Anaerobic treatment of domestic sewage at low temperature

The main objective of this thesis was to asses the anaerobic treatment of domestic sewage at low temperature and the possibilities to optimize the performance of high-rate anaerobic systems treating domestic sewage at low temperature.

The anaerobic biodegradability of domestic sewage and its fractions was investigated in batch experiments. The results showed a high potential of anaerobic treatment of domestic sewage due to its high biodegradability (74 %). The results showed a high biodegradability of the colloidal fraction (86 ± 3%) indicating that the low removal of colloidal particles in continuous high-rate anaerobic reactors is due to low physical removal rather than biodegradability.

Both results of batch and continuous experiments demonstrated that the removal of SS prior to anaerobic treatment of domestic sewage not only prevents the deterioration of the methanogenic activity in the anaerobic reactor but also improves the removal of colloidal particles. Therefore, for the pre-treatment (removal of SS) of domestic sewage at a low temperature of 13 °C, a comparison between an anaerobic filter (AF) and an anaerobic hybrid (AH) reactor with flocculant sludge with an HRT of 4 h was carried out. The media in the AF and the top of the AH reactor were vertical sheets of reticulated polyurethane foam (RPF) with knobs. The sludge in the AF reactor was only attached to the media and all accumulated sludge in the bottom of the AF reactor was wasted regularly to avoid reactor clogging. The AF reactor showed a significantly higher suspended COD (CODss) removal (82%) than the AH reactor (53%) and the performance of the AF reactor was more stable especially in rainy periods. The results showed that the wasted sludge from the AH reactor was more stabilized. However, the wasted sludge from the AH still needs post stabilization. Therefore, the AF reactor is recommended for the pre-treatment of domestic sewage at low temperature. The results of batch experiments with RPF media with and without an anaerobic biofilm showed that the removal of CODss in the AF reactor is mainly due to physical filtration and entrapment, while the removal of colloidal COD (CODcol) depends on the presence of a biofilm.

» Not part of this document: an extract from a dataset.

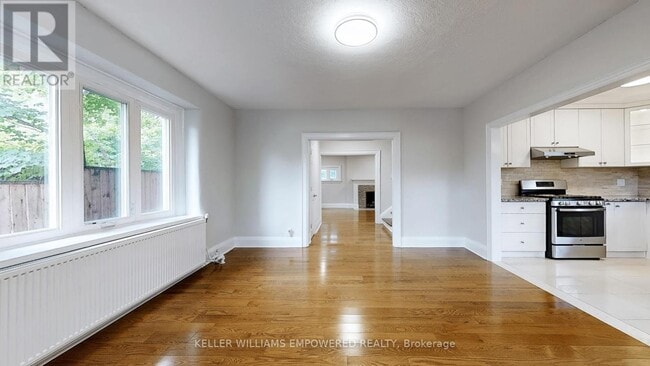 Building Photo - 107 Lawrence Crescent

The results of the treatment of pre-settled sewage at 13 °C demonstrated that the AH reactor with granular sludge has a significantly higher total COD (CODt) removal than the UASB reactor due to the significantly higher CODcol removal. Therefore, the AH reactor with granular sludge was selected as a second step for treatment of domestic sewage at low temperature. The performance of the AF+AH system treating domestic sewage at a low temperature of 13 °C at different HRTs was investigated. The results showed that optimization of CODss and dissolved COD (CODdis) in the AF and AH reactor respectively could be achieved with an HRT of 4+4 h for the two-step system without deterioration of the maximum methanogenic activity of the granular sludge in the AH reactor. For optimization of CODcol a long HRT of 8 h is needed in the AH reactor. With an HRT of 4+8 h for the two-step AF+AH system, a CODt removal efficiency of 71% was achieved with 92, 60 and 55% removal efficiency for respectively CODss, CODcol and CODdis. (author's abstract)